(Raw data)

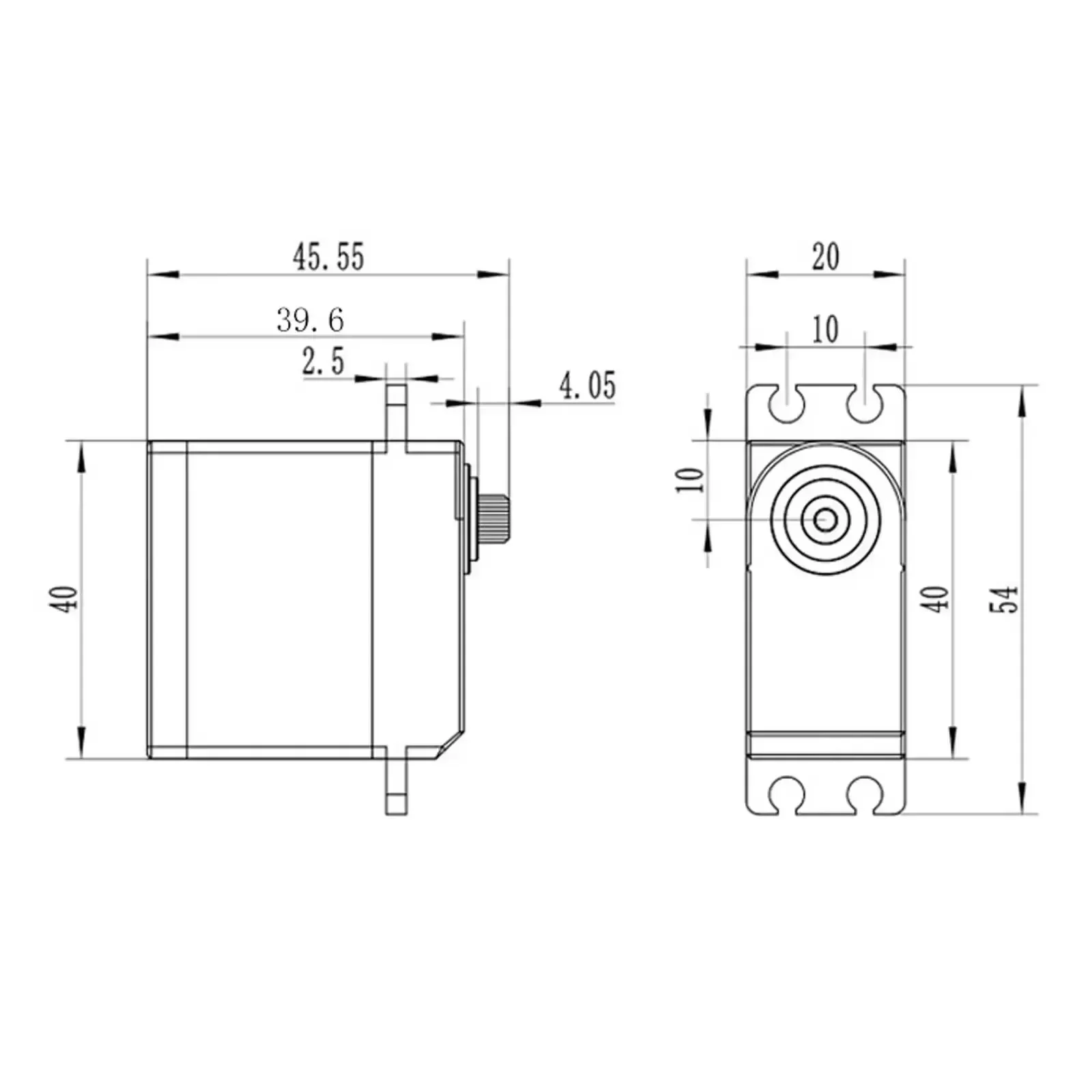 70KG ブラシレスオールメタルデジタルサーボカーボンブラシモーター 4.8-8.4V リモコンカーモデル、水中推進器に適しています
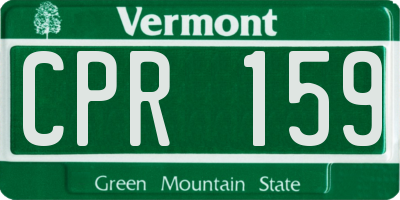 VT license plate CPR159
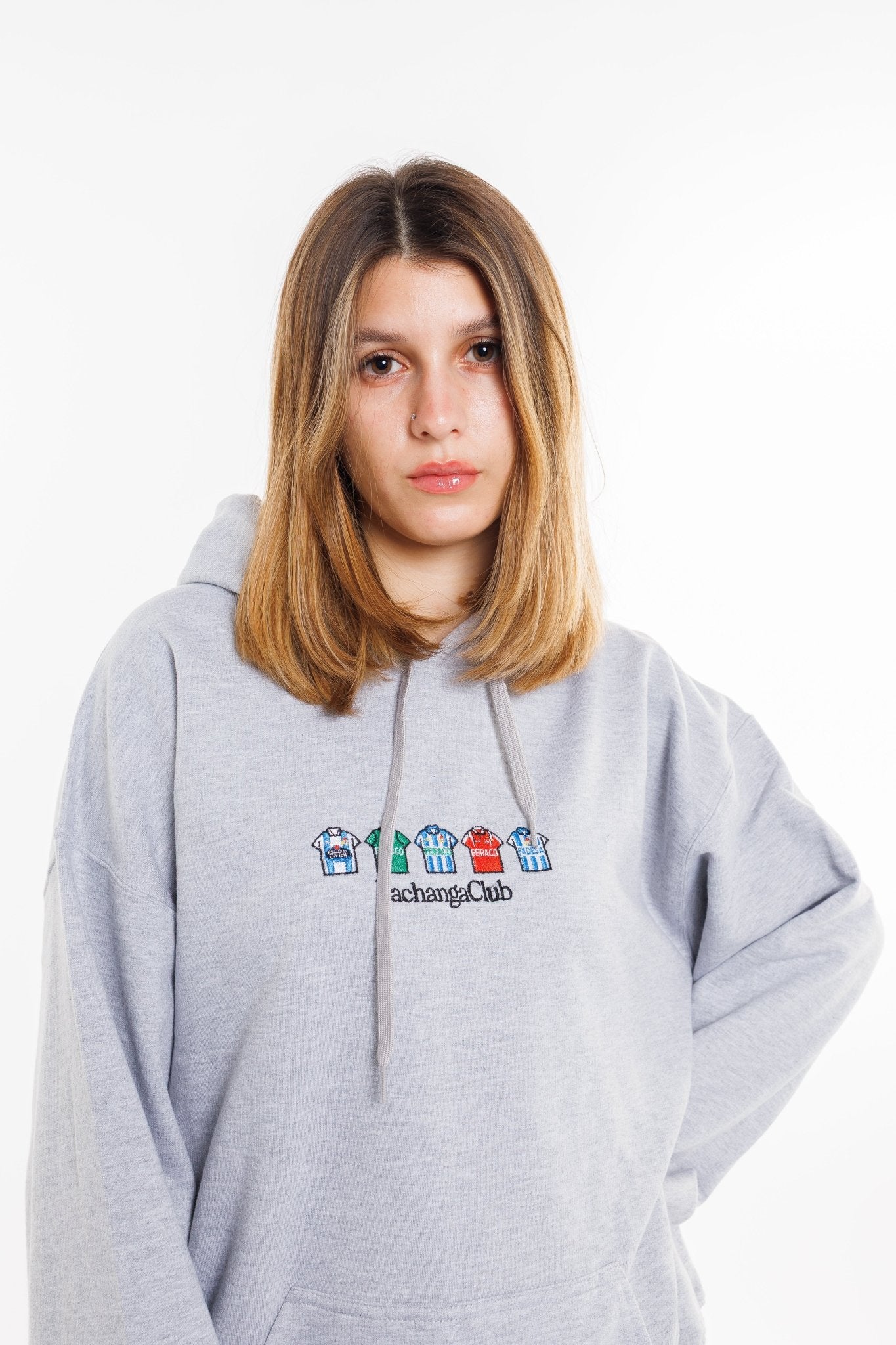 Sudadera Equipaciones Históricas Deportivistas - Gris - Pachanga Club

(End Raw data)

__Exercise brief__. Without the pictures, write out every line above exactly as it appears.

__Response area__.
 70KG ブラシレスオールメタルデジタルサーボカーボンブラシモーター 4.8-8.4V リモコンカーモデル、水中推進器に適しています
 VT license plate CPR159
 Sudadera Equipaciones Históricas Deportivistas - Gris - Pachanga Club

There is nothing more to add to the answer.